▶ [YOUR ASSIGNMENT] Restate the last part of the records below word for word, beginning at the line with "Bride and groom" and ending at the final line.

▶ [AVAILABLE RECORDS]
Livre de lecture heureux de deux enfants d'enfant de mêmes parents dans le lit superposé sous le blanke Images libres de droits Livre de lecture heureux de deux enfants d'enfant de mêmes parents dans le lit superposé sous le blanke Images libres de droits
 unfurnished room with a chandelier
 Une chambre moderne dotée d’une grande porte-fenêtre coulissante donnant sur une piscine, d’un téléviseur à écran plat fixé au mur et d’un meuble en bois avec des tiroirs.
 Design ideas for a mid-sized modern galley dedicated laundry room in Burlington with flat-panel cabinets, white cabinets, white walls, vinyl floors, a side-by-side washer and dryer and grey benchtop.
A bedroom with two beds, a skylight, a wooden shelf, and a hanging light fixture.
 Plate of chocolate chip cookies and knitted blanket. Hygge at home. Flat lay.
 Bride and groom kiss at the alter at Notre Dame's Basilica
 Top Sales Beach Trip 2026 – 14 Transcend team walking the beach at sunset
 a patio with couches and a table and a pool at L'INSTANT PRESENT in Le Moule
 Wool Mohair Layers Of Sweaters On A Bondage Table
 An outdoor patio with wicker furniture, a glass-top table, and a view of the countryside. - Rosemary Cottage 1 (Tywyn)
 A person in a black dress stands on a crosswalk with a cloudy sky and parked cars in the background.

▶ [EXERCISE OUTPUT]
 Bride and groom kiss at the alter at Notre Dame's Basilica
 Top Sales Beach Trip 2026 – 14 Transcend team walking the beach at sunset
 a patio with couches and a table and a pool at L'INSTANT PRESENT in Le Moule
 Wool Mohair Layers Of Sweaters On A Bondage Table
 An outdoor patio with wicker furniture, a glass-top table, and a view of the countryside. - Rosemary Cottage 1 (Tywyn)
 A person in a black dress stands on a crosswalk with a cloudy sky and parked cars in the background.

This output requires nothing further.